*Exercise details*
An exact copy of the records is needed; please leave the images out.

*Material for the task*
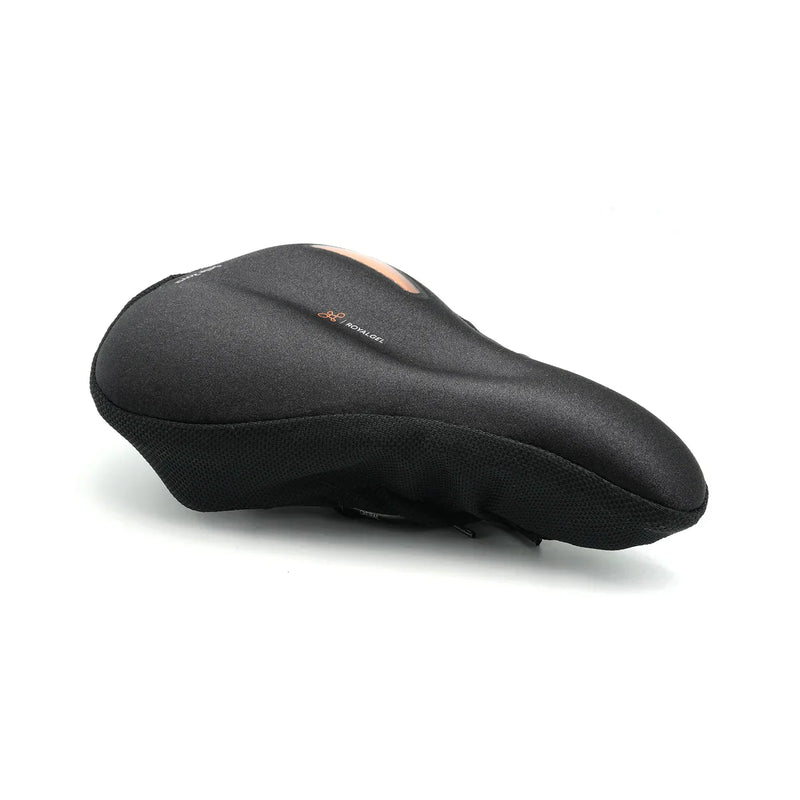 ギャラリービューアに画像をロードする, Selle royal s.p.a. selle royal royalgel zadeldek s
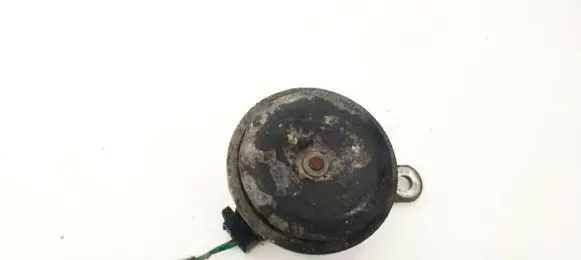 Toyota Avensis T250 Horn signal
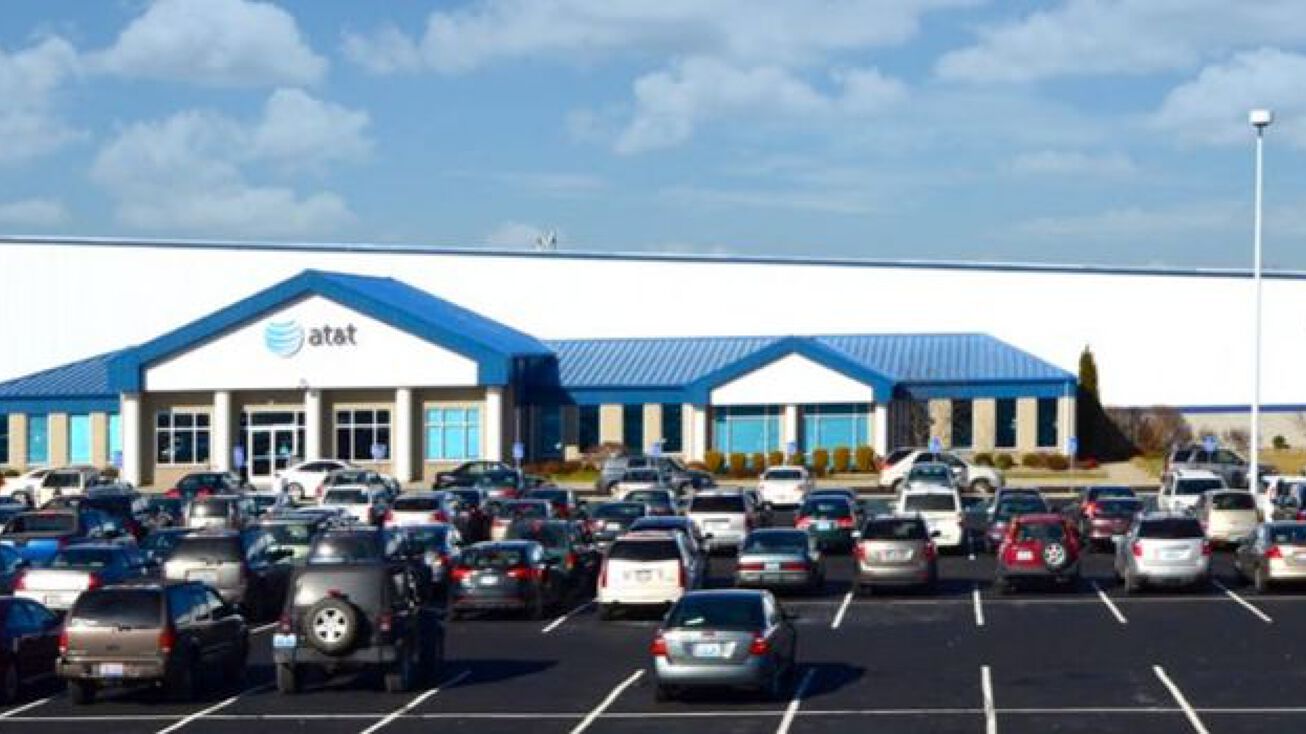 AT&T Technical Call Center, Grayson, KY 41143
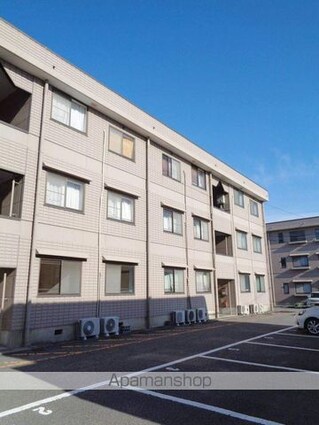 和歌山県和歌山市杭ノ瀬[3DK/56.42m2]の外観3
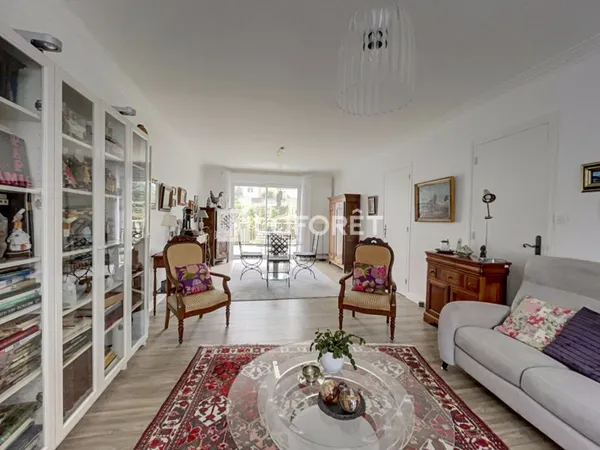 Maison 5 pièces 129 m²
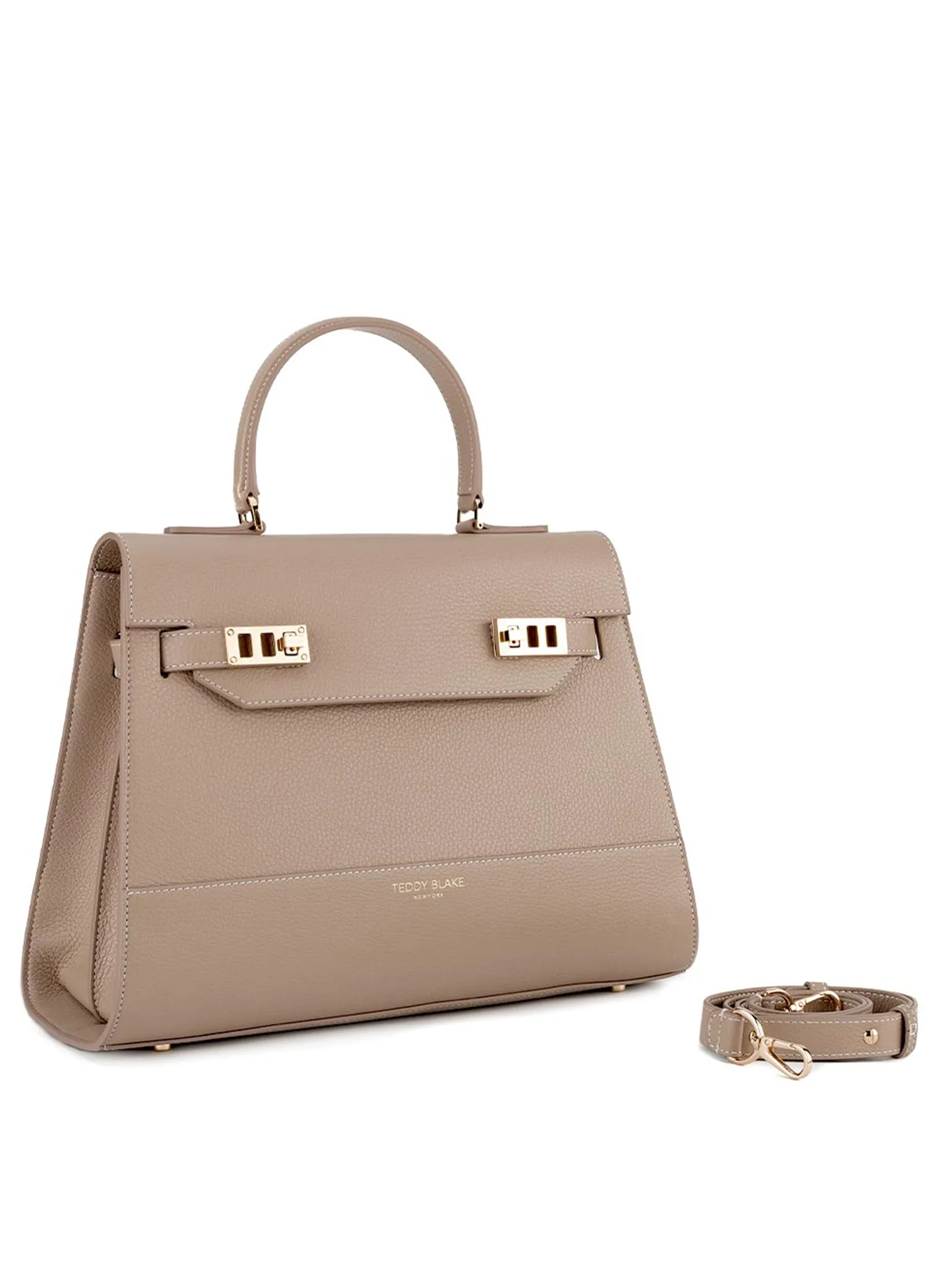 Kim Stampato 14" - Light Beige sold by Teddy Blake product image thumbnail 4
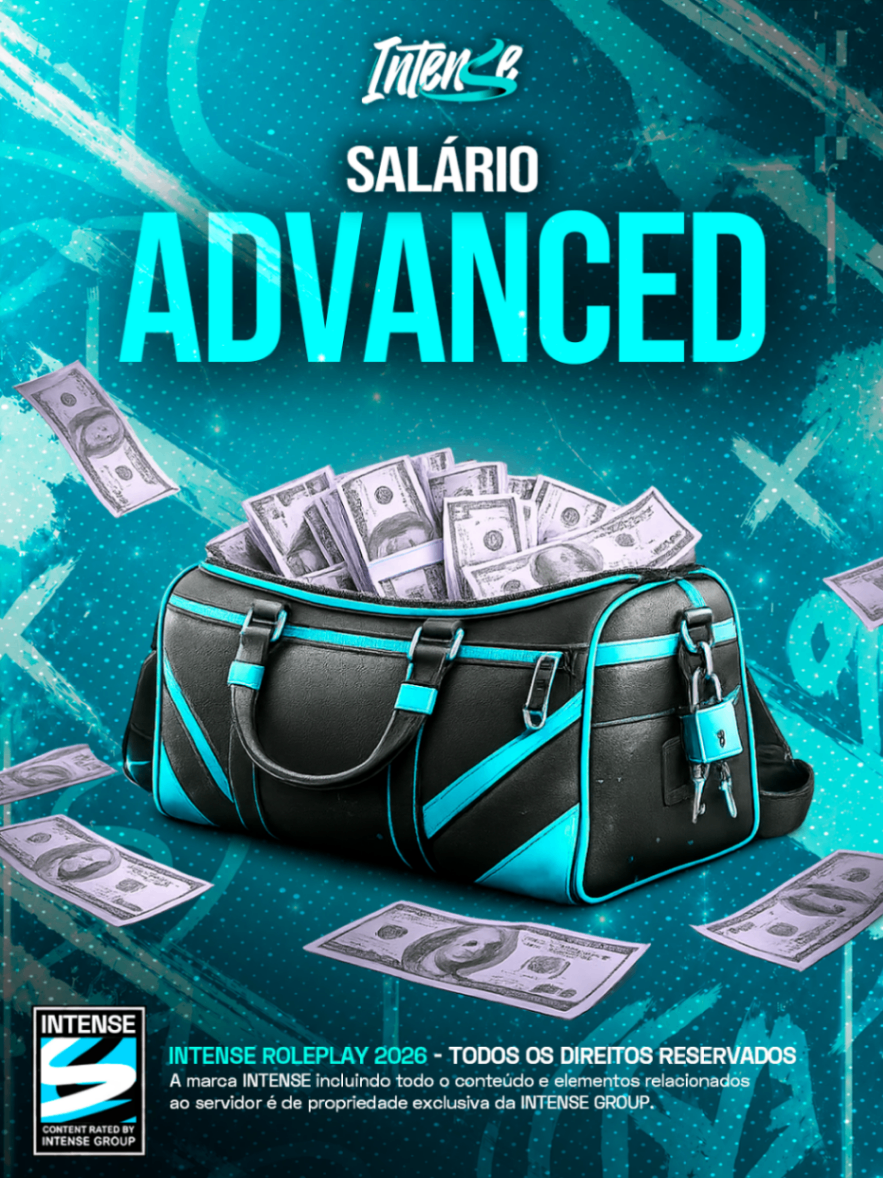 Salário Advanced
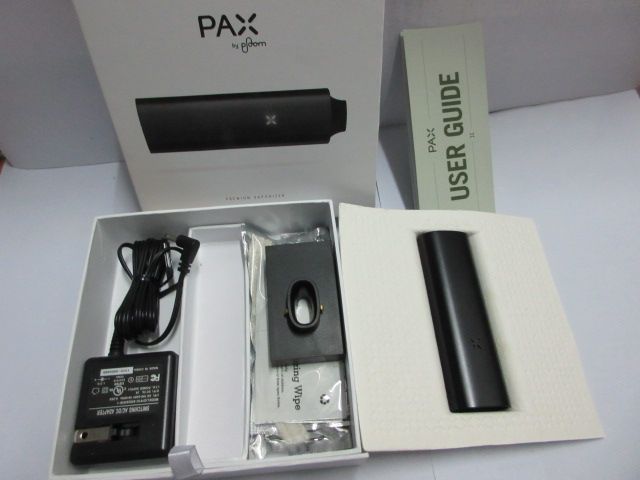 new style electronic cigarette high quality Pax dry herb voparizer e-cig with factory price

*Task output*
 ギャラリービューアに画像をロードする, Selle royal s.p.a. selle royal royalgel zadeldek s
 Toyota Avensis T250 Horn signal
 AT&T Technical Call Center, Grayson, KY 41143
 和歌山県和歌山市杭ノ瀬[3DK/56.42m2]の外観3
 Maison 5 pièces 129 m²
 Kim Stampato 14" - Light Beige sold by Teddy Blake product image thumbnail 4
 Salário Advanced
 new style electronic cigarette high quality Pax dry herb voparizer e-cig with factory price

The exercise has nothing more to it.